These are a set of optional rules for CMs to make the book even spicier. There’s only one, but it gets its own section, and it’s a doozy.

Heroic Achievements

The main idea of this section is that even if you get owned, you can still be cool. 

Heroic Achievements are little challenges – kind of like agendas, except chosen after the game rather than before. Candidates for Heroism aren’t pre-selected, but if a unit completed the achievement (punch a warlord to death with your warlord) at any point, either it can be nominated for the associated reward (immediately gain a Battle Honor), or the glory can be traded for 2 War Zone Points. 

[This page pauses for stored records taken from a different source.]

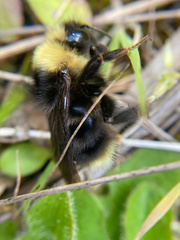 Bombus flavidus flavidus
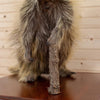 Full Body Porcupine Taxidermy Mount - SW6672
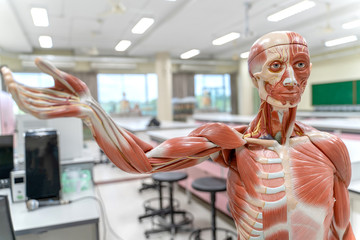 Human anatomy and physiology model in the laboratory.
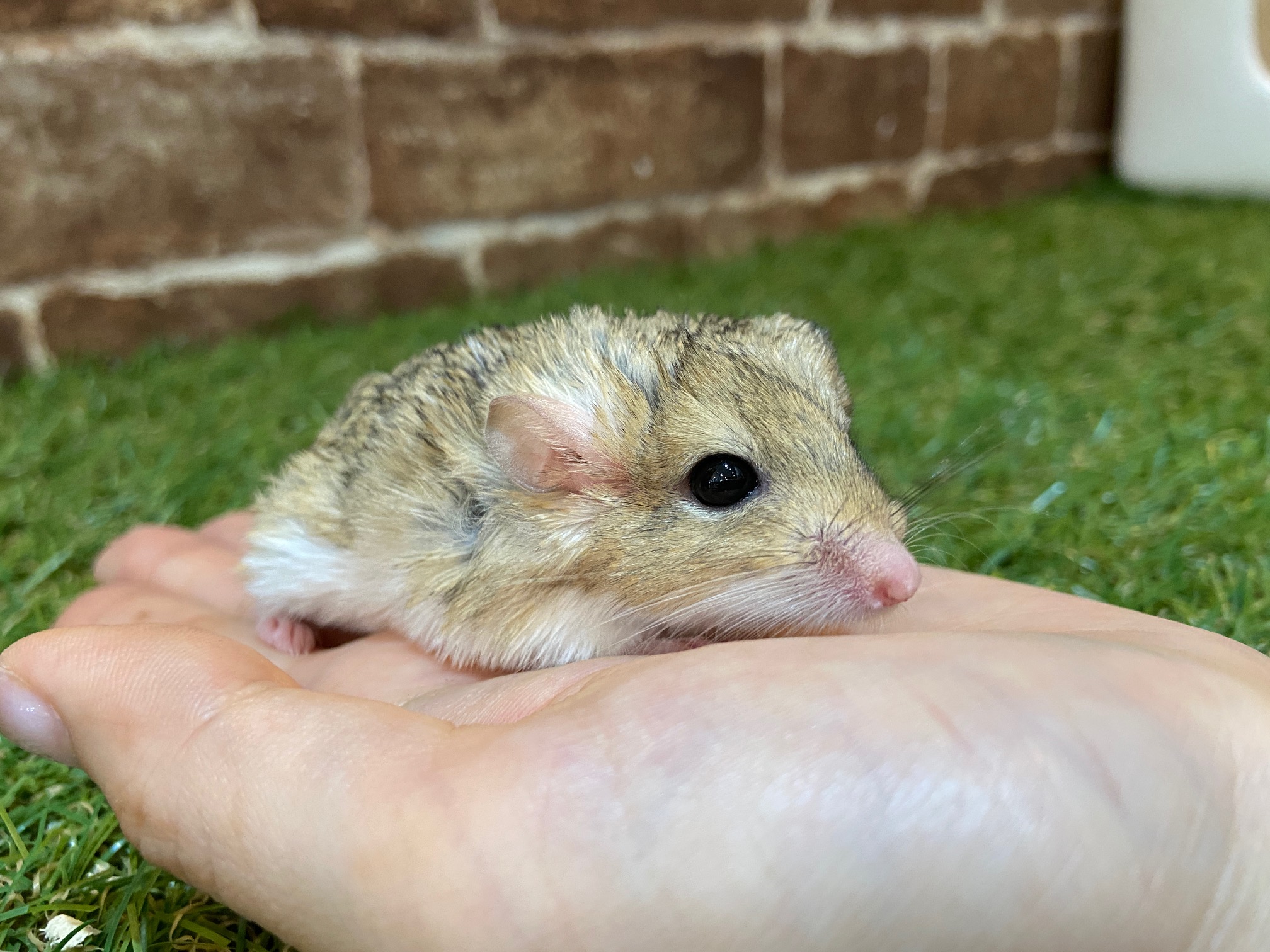動画 良く慣れているファットテールジャービルのご紹介 吉祥寺店 熱帯倶楽部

A player can earn each Achievement as much as they want, at a rate of only one per battle, but only claim the reward once over the entire campaign – subsequent instances of the same heroic will only grant the WZP.  If that weren’t enough, at the end of each phase, whichever alliance earned the most of these also gets as many extra WZP as there are players in the other alliances.

These are all based on Crusade (and if you aren’t using Crusade, you just have the WZP option), are insanely characterful, and very evocative, and I love them in both concept and execution. A favorite is All But One: if a unit of 10 or more models is down to one model at the end of the game, and they’re either in the enemy Deployment Zone, on an objective, or currently engaged in a fist fight, they get a Battle Honour. This is insanely cool. Also a big fan of Bloodied But Unbroken, where a character that has 1 wound left, and has killed a unit during the game, gains 4XP and a free use of the Warlord Trait requisition. 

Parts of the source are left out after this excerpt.